United States President Barack Obama’s New Year resolution is probably to go on being fantastic. He is a brilliant man, but also egotistical, reluctant to compromise, even selfish. Asked if he could have beaten Republican Donald Trump in the 2016 election, he replied in the affirmative. So what was Democrat presidential candidate Hillary Clinton supposed to make of that? Who cares?

This isn’t about her. It’s about what it’s always been about: Barack Obama. In the final weeks of his administration, we have seen Obama the patrician, gracious and patient in his relations with Trump’s transition team. Then there’s Obama the Caesar, with an eye on his immortal reputation. His relations with Congress have been bad, so he has relied on executive orders to get things done. That leaves his legacy exposed, since his successor can come in and overturn them. Thus the outgoing president is trying to get as much done as possible, to leave Trump with a pile of policies so thick that his first months will be dominated by repealing them. Obama has ordered the transfer of detainees from Guantanamo Bay. In an effort to reduce the number of nonviolent drug offenders in jail, he has set a record for commuting sentences: 231 in one day.

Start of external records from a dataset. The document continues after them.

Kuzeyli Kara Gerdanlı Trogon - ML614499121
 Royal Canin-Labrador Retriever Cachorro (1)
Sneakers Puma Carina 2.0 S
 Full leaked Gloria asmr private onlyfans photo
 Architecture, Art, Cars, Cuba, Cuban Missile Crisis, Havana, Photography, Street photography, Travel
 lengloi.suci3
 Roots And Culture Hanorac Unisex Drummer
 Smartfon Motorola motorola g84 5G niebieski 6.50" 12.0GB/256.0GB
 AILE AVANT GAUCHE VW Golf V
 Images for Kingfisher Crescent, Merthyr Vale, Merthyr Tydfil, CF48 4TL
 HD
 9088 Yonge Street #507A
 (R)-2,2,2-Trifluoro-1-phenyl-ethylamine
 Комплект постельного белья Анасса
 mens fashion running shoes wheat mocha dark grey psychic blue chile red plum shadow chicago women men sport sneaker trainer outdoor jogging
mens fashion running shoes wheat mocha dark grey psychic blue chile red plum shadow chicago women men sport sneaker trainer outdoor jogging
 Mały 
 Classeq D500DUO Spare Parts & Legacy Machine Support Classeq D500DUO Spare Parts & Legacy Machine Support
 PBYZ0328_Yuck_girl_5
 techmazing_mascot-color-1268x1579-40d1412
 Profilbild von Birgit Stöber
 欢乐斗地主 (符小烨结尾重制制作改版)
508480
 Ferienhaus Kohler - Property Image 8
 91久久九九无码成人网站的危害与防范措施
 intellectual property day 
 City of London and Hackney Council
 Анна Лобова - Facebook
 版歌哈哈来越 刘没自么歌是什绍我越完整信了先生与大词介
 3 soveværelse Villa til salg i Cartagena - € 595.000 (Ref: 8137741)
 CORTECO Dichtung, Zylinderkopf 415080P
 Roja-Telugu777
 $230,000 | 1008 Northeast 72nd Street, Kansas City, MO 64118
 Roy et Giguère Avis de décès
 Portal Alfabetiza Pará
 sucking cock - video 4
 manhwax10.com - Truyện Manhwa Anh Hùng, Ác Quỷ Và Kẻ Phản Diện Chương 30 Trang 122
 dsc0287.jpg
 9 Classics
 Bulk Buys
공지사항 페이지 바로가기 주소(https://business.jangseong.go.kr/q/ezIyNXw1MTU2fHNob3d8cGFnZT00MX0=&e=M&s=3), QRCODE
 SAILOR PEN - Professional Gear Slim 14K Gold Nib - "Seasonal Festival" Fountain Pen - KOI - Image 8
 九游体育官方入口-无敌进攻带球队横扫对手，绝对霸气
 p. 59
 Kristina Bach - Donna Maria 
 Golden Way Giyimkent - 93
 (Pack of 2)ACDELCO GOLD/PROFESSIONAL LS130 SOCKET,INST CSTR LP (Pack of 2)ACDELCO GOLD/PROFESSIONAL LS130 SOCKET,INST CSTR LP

Funding for abortion provider Planned Parenthood will be protected. Oil drilling in much of the Arctic and off the Atlantic coast is now banned. But all these pale into insignificance next to his foreign policy manoeuvres. Obama has expelled Russian diplomats in protest at alleged hacking during the US presidential election. It’s far too little, too late. In 2012, Obama laughed at the Republicans for identifying Russia as a strategic threat. Since then, he and US Secretary of State John Kerry have presided over the carve-up of Ukraine and Russian dominance in the Syrian conflict. We now know that Obama warned Putin twice over allegations of hacking. By implication, he was ignored twice. That’s humiliating. Why get tough now? I suspect Obama’s goal isn’t to punish the Russians, but to pass on a new Cold War-style standoff to Trump. Trump got lucky: Putin didn’t take the bait.

Meanwhile, Obama decided to wave through a United Nations resolution condemning Israeli colonies. On this, the president defies sanity. He overturned decades of US policy, removed any doubt in Palestinian minds that they have a right to demand Israeli land and left many Israeli citizens in a legal no-man’s land. None of this was necessary: Today, Israel is far from the heart of the Middle East’s troubles. And it doesn’t even fit Obama’s record of largely unblemished support for Jewish self-determination. So why, why, why? Domestic politics.

The Republicans have allied with Israeli Prime Minister Benjamin Netanyahu; Trump wants to join an Israeli front against the Iran deal. Obama is, again, tying his opposition up in knots. It is petty, it is spiteful. It’s what he does. Let me give you a chilling example. To get his health reform bill passed in 2010, Obama said federal funds would never be used to finance abortions. But when the law was implemented, the government found a way around this: Employers would pay for them instead.

To brand Trump a divisive candidate ignores that America was a very divided place before he came along — and it’s Obama who widened those divisions. Trump and Obama are stylistically opposite. But they share a view of the presidency as a tool to get things done, a blunt instrument used in the most careless and imperious manner. Neither man is seriously interested in bringing America together. Their loyalty is to their coalition alone. Anyone who doesn’t like them isn’t worth talking to. One refreshing change is that Trump is at least honest. Last Saturday, he tweeted: “Happy New Year to all, including to my many enemies and those who have fought me and lost so badly they just don’t know what to do.” That tweet was aimed at Barack Obama — the sorest of losers.

— The Telegraph Group Limited, London, 2017

Tim Stanley is an English blogger, journalist and historian.